8Ce panorama démontre que la société sarde a été profondément bouleversée durant les années concernées par notre analyse. Ces conditions ont préparé le terrain pour une politisation de l’identité. L’identité sarde, qui a jusqu’alors résulté principalement de l’isolement de la population, deviendra en ce contexte beaucoup plus explicitement construite et politisée, et sera vue comme un élément permettant la synthèse des différentes questions que nous venons d’évoquer. Le sous-développement et la condition d’isolement dont l’île souffrait ont été les pré-conditions pour créer l’équation «Sardaigne = Colonie». Les premiers à avoir utilisé cette équation (d’une certaine façon encore utilisée aujourd’hui) furent les «dissidents» du PSdAZ et les indépendantistes qui définissaient l’île comme un territoire d’outre-mer occupé et exploité par l’État d’origine. Ils énuméraient les conditions coloniales de la Sardaigne : bétonisation des côtes par les grands industriels et propriétaires du «continent» italien ; industrialisation forcée, sans considération pour les vocations naturelles de la Sardaigne ; tourisme pensé seulement pour les riches avec les Sardes comme une simple main-d’œuvre ; militarisation de l’île vue comme le «porte-avions de la Méditerranée» ; attaques contre la langue vernaculaire et peu de considération pour les Sardes. Ce slogan eut un écho dans la société sarde, y compris au-delà de la mouvance indépendantiste ou autonomiste : les partis italiens opérants en Sardaigne acceptèrent certaines de ces motivations, et l’équation Sardaigne = colonie fut utilisée de 1962 jusqu’à la première moitié des années 197017. Les motivations propres à l’île et à beaucoup d’autres régions européennes furent légitimées a posteriori du point de vue scientifique18. Étaient déjà ouvertes en Sardaigne les portes pour une transformation des protestations populaires vers des positions indépendantistes et pour un renforcement de la thématique autonomiste-fédéraliste.

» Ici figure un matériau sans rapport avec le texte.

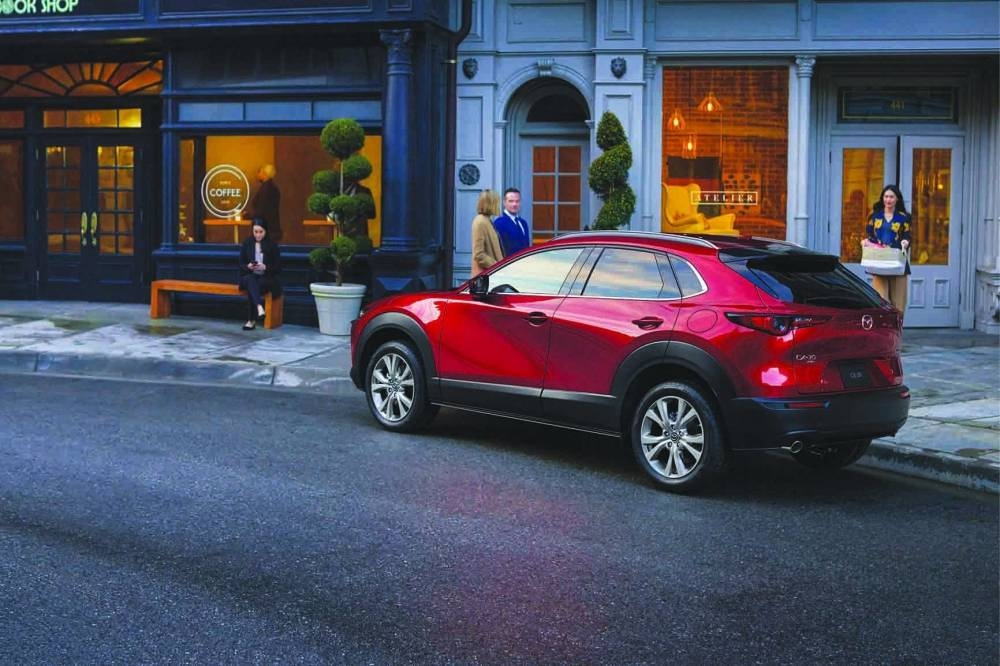 The Mazda CX-30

3. Les acteurs politiques engagés dans la mobilisation ethno-nationaliste
9À la formation du PSdAZ, quelques-unes de ses franges seulement apparaissaient comme ouvertement indépendantistes19. L’histoire du Parti Sarde est surtout dominée par les termes d’autonomie et de fédéralisme, au moins dans les conceptions utilisées en Italie, différentes de celles de la France ou de l’Espagne20. Si l’indépendantisme n’était qu’ébauché par quelques membres, il a toutefois influencé la vie du Parti depuis sa constitution21. Mais, en même temps, on pourrait dire que l’indépendantisme sarde n’a jamais pu se libérer d’une confrontation avec le Parti, quand bien même pour le critiquer et le combattre.

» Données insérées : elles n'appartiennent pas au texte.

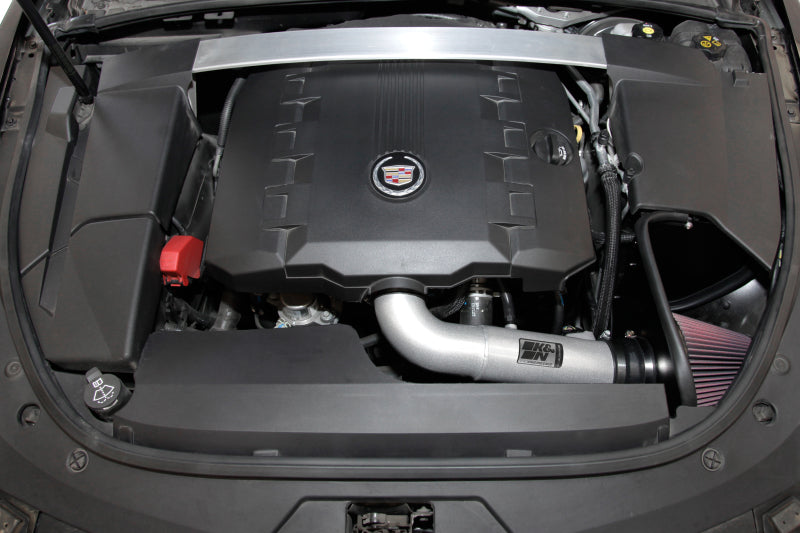 K&N 2012 Cadillac CTS 3.0L/3.6L Typhoon Performance Intake Kit (view 6)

10Le système partisan en Sardaigne a toujours suivi le système italien, à l’exception du PSdAZ. Le Parti Sarde, dès la Constitution de la Région Spéciale en 1948, a opté pour une alliance avec la Démocratie Chrétienne (DC), en opposition au Parti Communiste. Dans les années 1960, le PSdAZ resta solidement ancré à la majorité régionale, dans une position qu’on pourrait qualifier de «servile» par rapport à la DC22 : le Parti participe au gouvernement de la Région sans jamais douter de son rôle. Un changement a lieu vers le milieu des années 1970, avec un tournant vers des positions critiques vis-à-vis l’alliance avec la DC et l’idéologie du Parti Sarde. L’arrivée de groupes de jeunes dans le parti a aussi permis d’abandonner une attitude défaitiste pour une posture plus active, ainsi que de flirter plus ouvertement avec l’indépendantisme23. À la fin des années 1970, le PSdAZ change radicalement sa perspective politique, en modifiant, au Congrès de 1981, l’article 1 de son Statut, qui stipule désormais que le Parti doit «conduire la Nation Sarde à l’indépendance». Ceci est la conséquence directe de l’entrée dans le parti des jeunes indépendantistes de gauche. Ils ont estimé que plutôt que de rester dans d’autres formations politiques, il était plus utile et efficace de «pénétrer» à l’intérieur même du PSdAZ pour le faire évoluer vers la gauche.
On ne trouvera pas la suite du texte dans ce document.